» Stored items
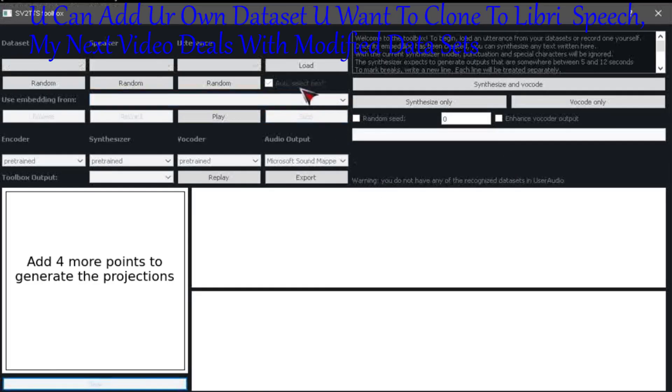You can add your own dataset you want to clone to LibriSpeech. My next video deals with modified datasets.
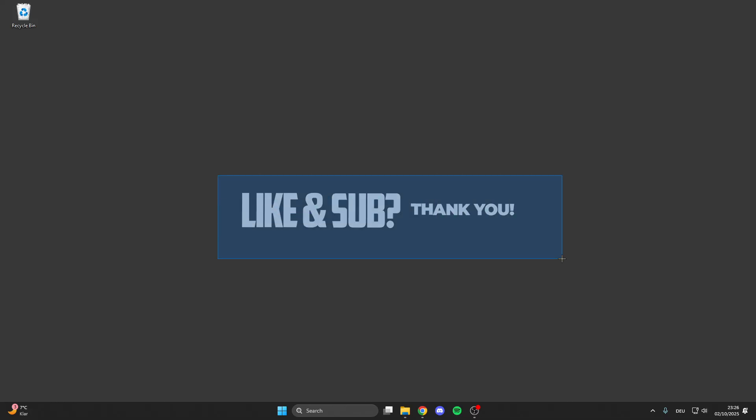And after that your lag or stutter problem should be fixed. If I could help you with the video then please leave a like and subscribe and see you next time.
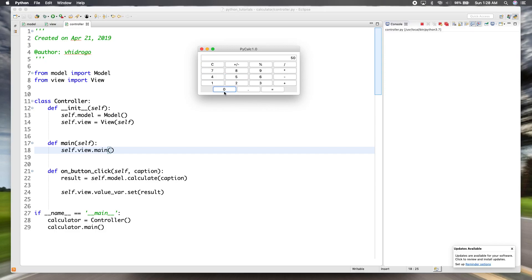The way percent works on the calculator: say you have 50 and you hit percent — it converts to the decimal version, so it would be like 0.05.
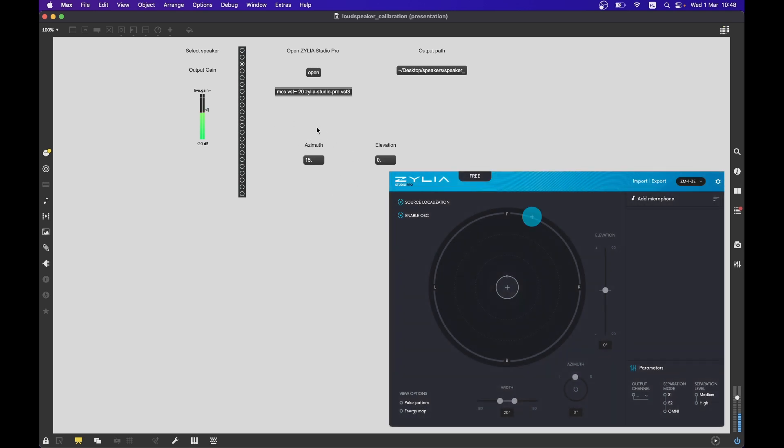After the calculation is complete, the sound will be turned off, indicating that you can select the next speaker.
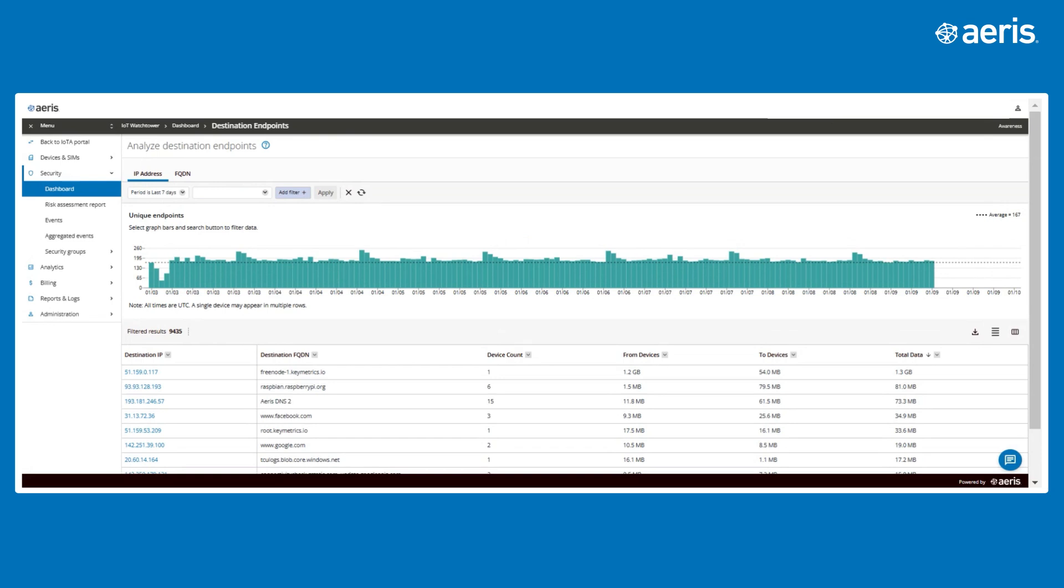For example, we have seen clients use this chart to investigate unexpected billing and understand why and where data transfer has increased.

» What this task involves
Print every line above exactly as given, but not the pictures.

» Answer for this exercise
You can add your own dataset you want to clone to LibriSpeech. My next video deals with modified datasets.
And after that your lag or stutter problem should be fixed. If I could help you with the video then please leave a like and subscribe and see you next time.
The way percent works on the calculator: say you have 50 and you hit percent — it converts to the decimal version, so it would be like 0.05.
After the calculation is complete, the sound will be turned off, indicating that you can select the next speaker.
For example, we have seen clients use this chart to investigate unexpected billing and understand why and where data transfer has increased.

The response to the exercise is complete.